"Triolet" and "On Hearing Chopin"

Written by:
Israel Emiot
Translated by:
Leah Zazulyer
Published:
2015 / 5775
Part of issue number:
Translation 2015

Born in Poland, Israel Emiot (1909–78) was an internationally acclaimed Yiddish prose writer. He is perhaps best known for memoirs and poetry describing his imprisonment in a Soviet Gulag after the Second World War. He later immigrated to Rochester, New York, where he continued to write until his death.

Triolet

A small goldfish—ray of sun in deep water,

caught sight of the real sun and joyfully swam up to meet it

not anticipating the bank’s fish line waiting to greet it—

that little fish like a ray of sunlight in deep water.

It was a small happenstance but it taught her

how the whole ship of life can easily turn to defeat,

yes, a small golden fish—a ray in deep water—

saw the sun and joyfully swam up to meet it.

 

On Hearing Chopin

Is this the happiness that is our destiny—

this feeling that life and death trade places?
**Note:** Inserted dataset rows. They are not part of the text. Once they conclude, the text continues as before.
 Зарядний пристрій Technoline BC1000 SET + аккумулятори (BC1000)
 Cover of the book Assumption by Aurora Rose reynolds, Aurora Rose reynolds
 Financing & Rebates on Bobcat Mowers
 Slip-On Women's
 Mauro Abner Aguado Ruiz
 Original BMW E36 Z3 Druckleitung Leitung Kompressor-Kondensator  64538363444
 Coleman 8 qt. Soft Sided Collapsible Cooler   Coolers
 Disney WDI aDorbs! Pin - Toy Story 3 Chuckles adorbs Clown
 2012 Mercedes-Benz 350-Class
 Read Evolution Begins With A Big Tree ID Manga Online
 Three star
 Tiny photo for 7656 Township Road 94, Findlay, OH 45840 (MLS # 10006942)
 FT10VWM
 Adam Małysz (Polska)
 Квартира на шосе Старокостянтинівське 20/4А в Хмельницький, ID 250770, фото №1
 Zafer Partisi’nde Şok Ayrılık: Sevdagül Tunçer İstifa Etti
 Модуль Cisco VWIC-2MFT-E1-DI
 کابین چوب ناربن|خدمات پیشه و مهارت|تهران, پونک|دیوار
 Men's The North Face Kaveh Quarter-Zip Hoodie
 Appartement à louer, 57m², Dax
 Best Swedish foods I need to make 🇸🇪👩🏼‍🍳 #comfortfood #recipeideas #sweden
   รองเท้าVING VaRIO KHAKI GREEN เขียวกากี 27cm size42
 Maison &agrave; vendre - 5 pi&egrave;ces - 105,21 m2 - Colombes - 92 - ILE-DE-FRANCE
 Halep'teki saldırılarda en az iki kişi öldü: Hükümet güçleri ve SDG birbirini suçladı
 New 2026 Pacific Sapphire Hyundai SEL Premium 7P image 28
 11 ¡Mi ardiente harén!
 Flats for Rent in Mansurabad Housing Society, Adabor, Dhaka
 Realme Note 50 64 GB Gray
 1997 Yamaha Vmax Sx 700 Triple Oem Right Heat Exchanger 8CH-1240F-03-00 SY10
How good it is to listen on the stillest of days,

when, like an echo, the earth reverberates.

Night holds its breath and listens,

and all the wells gurgle more quietly,

as a thousand loves, a thousand sorrows,

are a thousand times created, a thousand times destroyed.

May this close-lashed happiness make possible

a new vision of the world

in which all fogs lift

and heart unto heart beat in unison,

and, like leaves, worlds within worlds are transformed into a book,

stone has just now recognized his father in man,

and all is full with forgiving and forgiveness.

Put the world to sleep like quietly swaying grass;

evening will erase the last sounds.

Look: the blind man discards his cane

and sees through a brick wall as though it were glass.

No more does the wise man ask why;

the rooster has ceased to wake,

the fox to frighten,

and the forest’s rabbit to tremble.

Come, life, you are longed for and beautiful!

For you the world is adorned with music,

which sounds time’s distant, parade-like bell.

We so want to hear—to hear that which is beyond all stars—

for life is so brief, our desires so immense,

and our every breath an eternity.

Based in Rochester, New York, Leah Zazulyer is an English-language poet and experienced translator of Yiddish literature. Her book, As Long As We Are Not Alone, a biography of Israel Emiot that includes a collection of his poems in English translation, is forthcoming from Tiger Bark Press.